▶ AIM OF THE EXERCISE: A verbatim copy is needed of the lines below from the one containing "Boxers bleus avec" up to and including the one containing "May include: A", excluding pictures.

▶ DATA EXTRACT:

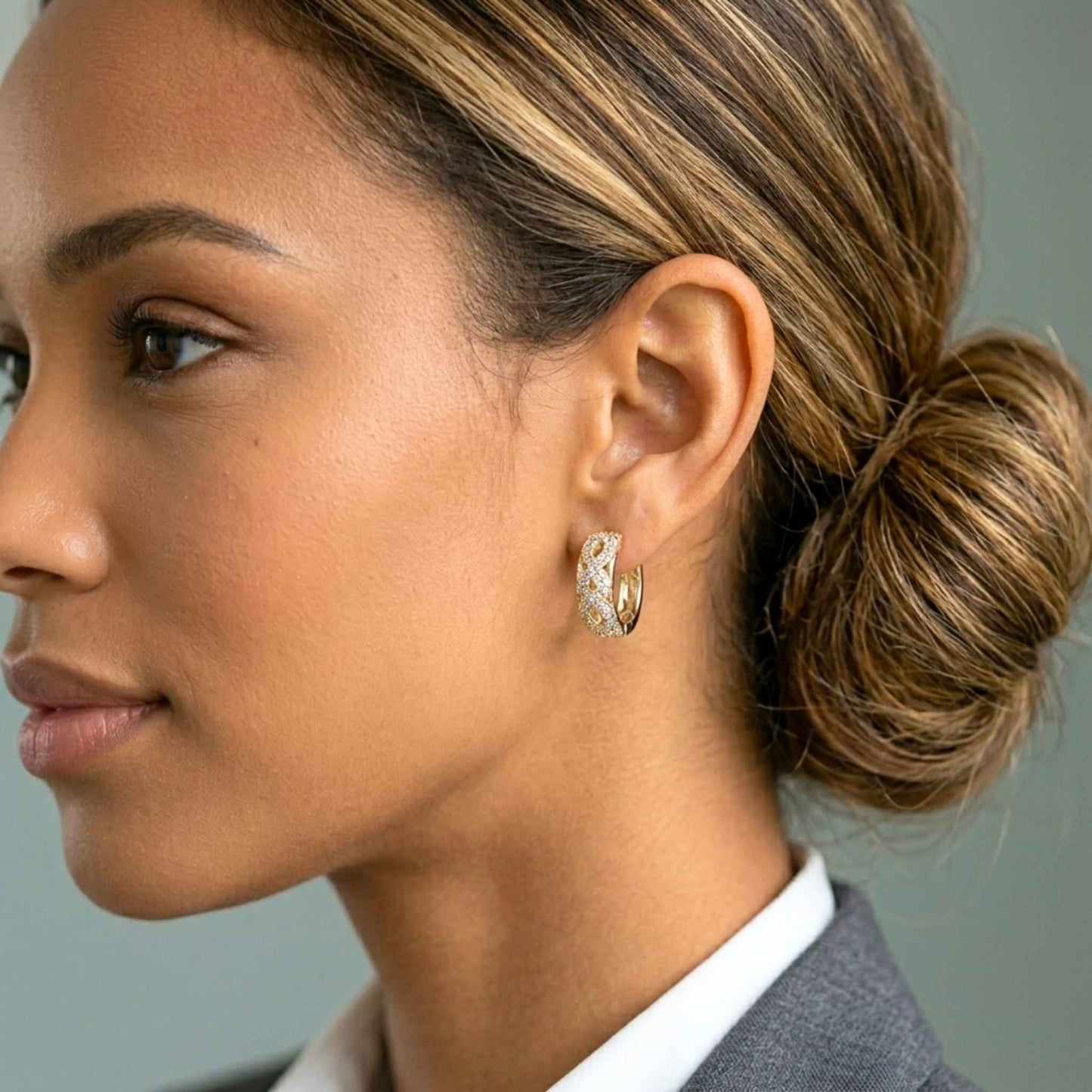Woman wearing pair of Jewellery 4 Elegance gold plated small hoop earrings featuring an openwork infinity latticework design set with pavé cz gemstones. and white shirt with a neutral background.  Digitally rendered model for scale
* * *
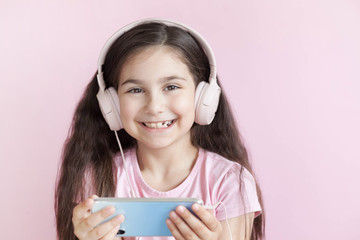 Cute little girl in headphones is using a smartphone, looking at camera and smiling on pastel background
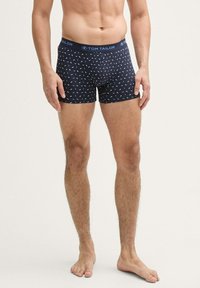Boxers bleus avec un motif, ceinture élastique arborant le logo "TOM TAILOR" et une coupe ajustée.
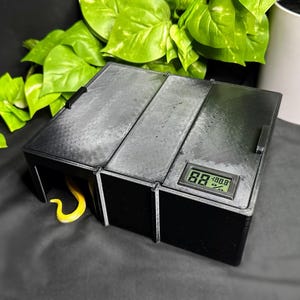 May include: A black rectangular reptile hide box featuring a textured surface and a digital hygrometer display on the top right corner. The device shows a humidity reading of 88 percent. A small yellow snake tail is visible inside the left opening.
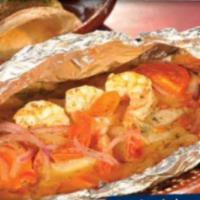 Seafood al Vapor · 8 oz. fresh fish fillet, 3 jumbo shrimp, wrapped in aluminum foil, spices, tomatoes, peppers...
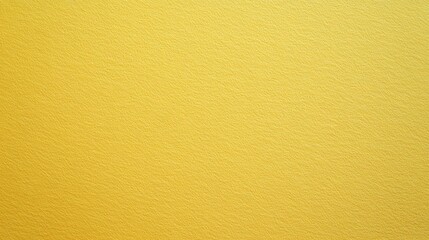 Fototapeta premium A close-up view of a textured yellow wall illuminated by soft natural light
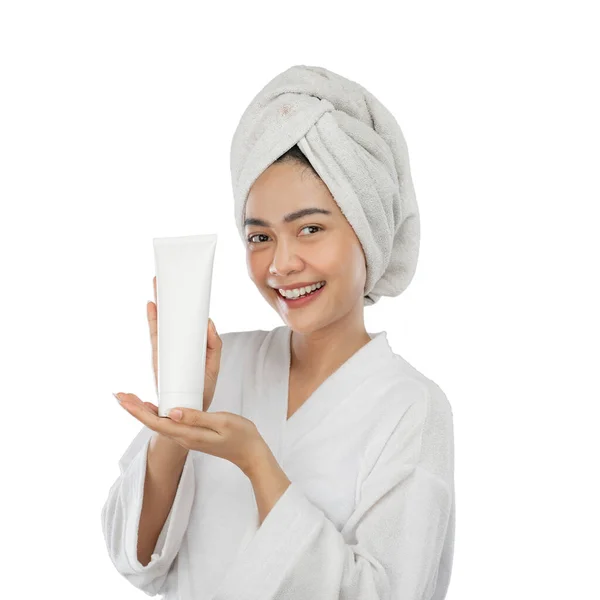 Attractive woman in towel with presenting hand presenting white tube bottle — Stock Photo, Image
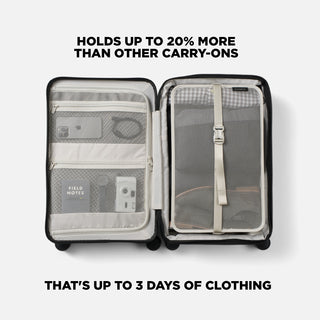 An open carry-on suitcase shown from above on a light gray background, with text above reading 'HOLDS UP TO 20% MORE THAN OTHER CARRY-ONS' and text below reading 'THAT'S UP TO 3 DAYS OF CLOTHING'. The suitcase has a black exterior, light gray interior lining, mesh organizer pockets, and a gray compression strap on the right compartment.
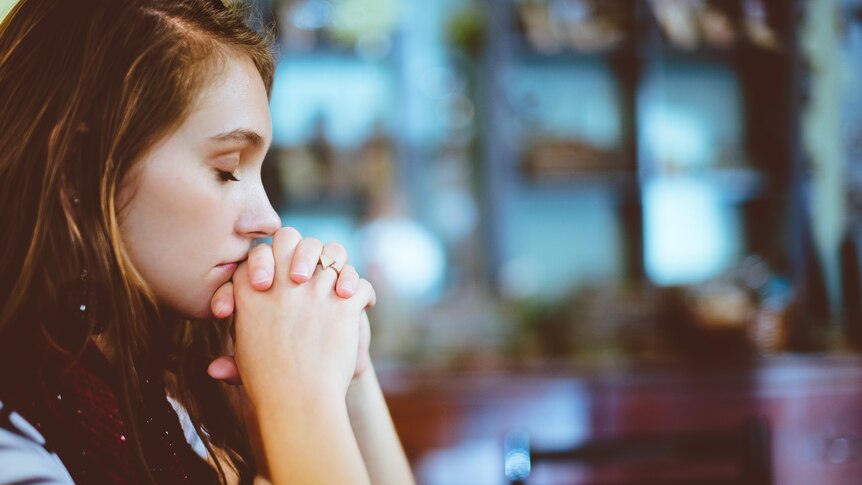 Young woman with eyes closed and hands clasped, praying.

▶ OUTPUT OF THE EXERCISE:
Boxers bleus avec un motif, ceinture élastique arborant le logo "TOM TAILOR" et une coupe ajustée.
 May include: A black rectangular reptile hide box featuring a textured surface and a digital hygrometer display on the top right corner. The device shows a humidity reading of 88 percent. A small yellow snake tail is visible inside the left opening.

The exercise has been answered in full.